> [RECORD EXTRACTS]
* * *

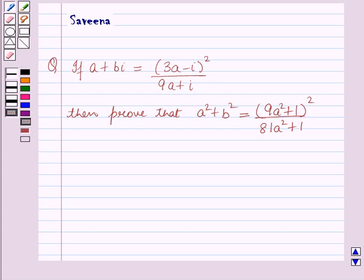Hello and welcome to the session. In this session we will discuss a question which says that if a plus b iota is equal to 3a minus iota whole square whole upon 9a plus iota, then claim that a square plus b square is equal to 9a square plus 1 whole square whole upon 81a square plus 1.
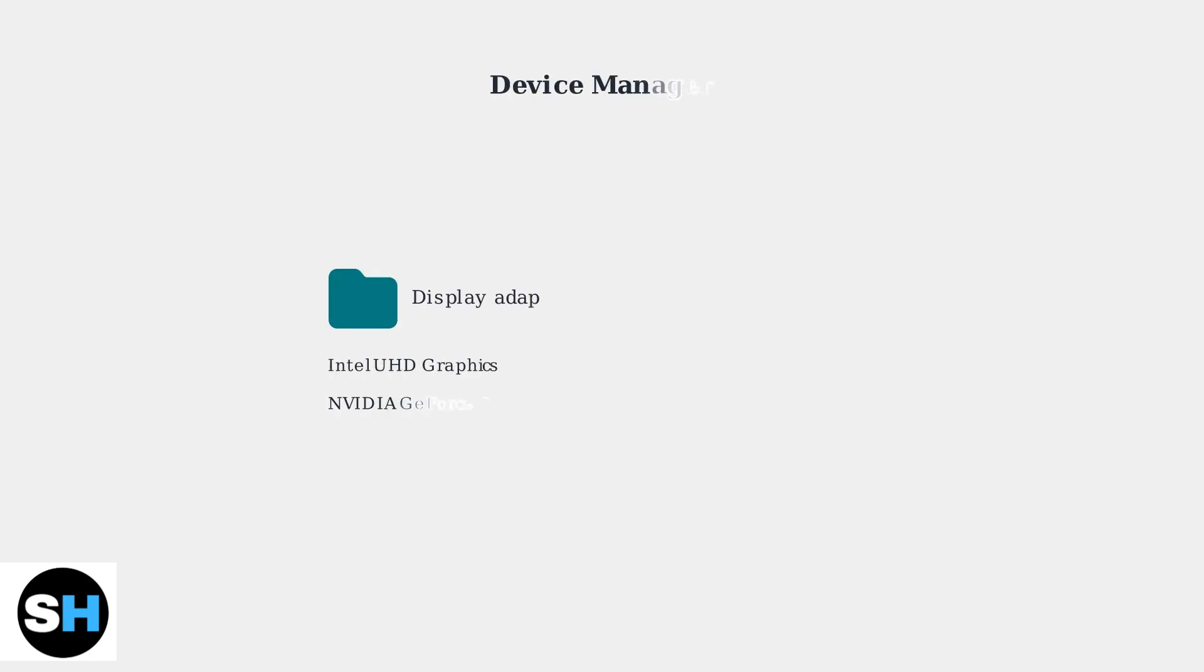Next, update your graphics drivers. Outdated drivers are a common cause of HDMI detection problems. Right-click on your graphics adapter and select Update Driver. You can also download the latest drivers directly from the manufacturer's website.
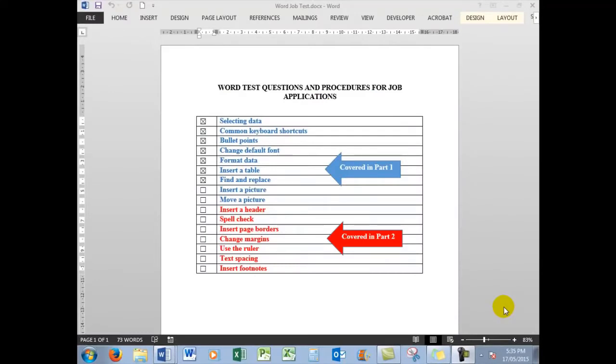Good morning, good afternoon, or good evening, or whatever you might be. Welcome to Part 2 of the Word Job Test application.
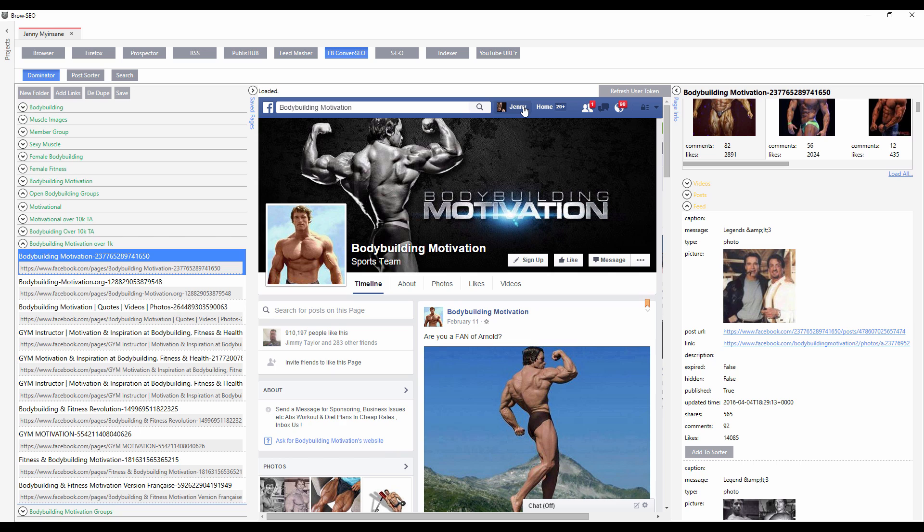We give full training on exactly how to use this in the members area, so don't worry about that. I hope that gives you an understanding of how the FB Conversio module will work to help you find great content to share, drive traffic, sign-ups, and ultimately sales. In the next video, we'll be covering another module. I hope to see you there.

* * *

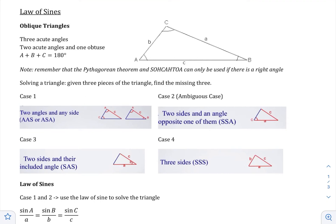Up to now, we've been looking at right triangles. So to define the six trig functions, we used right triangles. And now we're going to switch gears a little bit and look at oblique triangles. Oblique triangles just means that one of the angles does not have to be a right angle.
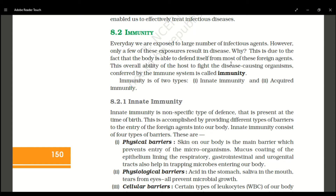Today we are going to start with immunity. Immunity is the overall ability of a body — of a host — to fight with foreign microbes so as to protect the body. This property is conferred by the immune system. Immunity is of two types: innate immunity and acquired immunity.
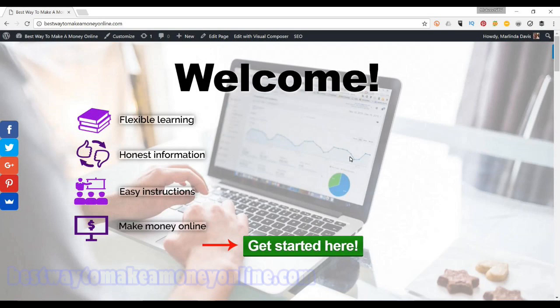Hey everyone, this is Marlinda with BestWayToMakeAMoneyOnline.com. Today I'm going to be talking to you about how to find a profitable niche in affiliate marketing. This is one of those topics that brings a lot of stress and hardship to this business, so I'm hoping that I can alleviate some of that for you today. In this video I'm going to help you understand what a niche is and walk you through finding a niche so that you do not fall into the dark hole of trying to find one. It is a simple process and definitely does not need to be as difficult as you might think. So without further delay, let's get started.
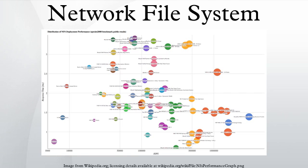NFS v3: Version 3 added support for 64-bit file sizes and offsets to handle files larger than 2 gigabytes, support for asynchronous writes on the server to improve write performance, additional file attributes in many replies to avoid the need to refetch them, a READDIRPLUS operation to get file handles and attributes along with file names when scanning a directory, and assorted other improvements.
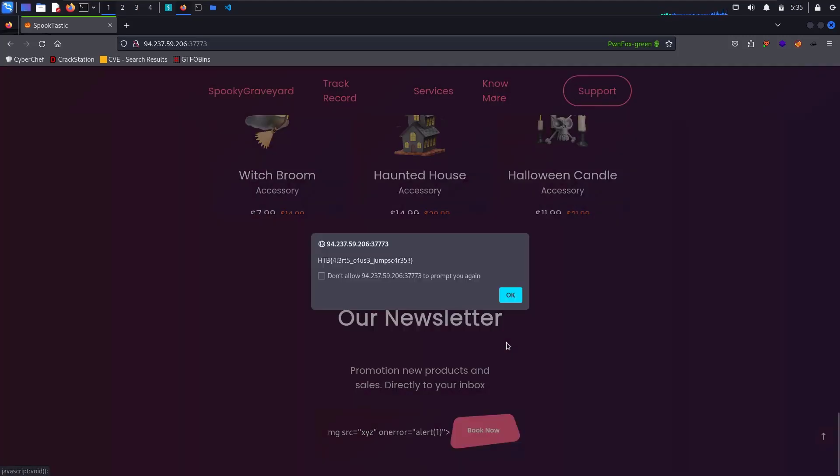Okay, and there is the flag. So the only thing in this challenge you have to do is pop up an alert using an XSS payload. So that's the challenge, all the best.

* * *

> [WORK TO BE COMPLETED] What is needed is an exact copy of the lines above, from the one holding "Hello and welcome" down to the one holding "We give full", with those two included and the pictures left out.

> [ANSWER FOR THIS EXERCISE]
Hello and welcome to the session. In this session we will discuss a question which says that if a plus b iota is equal to 3a minus iota whole square whole upon 9a plus iota, then claim that a square plus b square is equal to 9a square plus 1 whole square whole upon 81a square plus 1.
Next, update your graphics drivers. Outdated drivers are a common cause of HDMI detection problems. Right-click on your graphics adapter and select Update Driver. You can also download the latest drivers directly from the manufacturer's website.
Good morning, good afternoon, or good evening, or whatever you might be. Welcome to Part 2 of the Word Job Test application.
We give full training on exactly how to use this in the members area, so don't worry about that. I hope that gives you an understanding of how the FB Conversio module will work to help you find great content to share, drive traffic, sign-ups, and ultimately sales. In the next video, we'll be covering another module. I hope to see you there.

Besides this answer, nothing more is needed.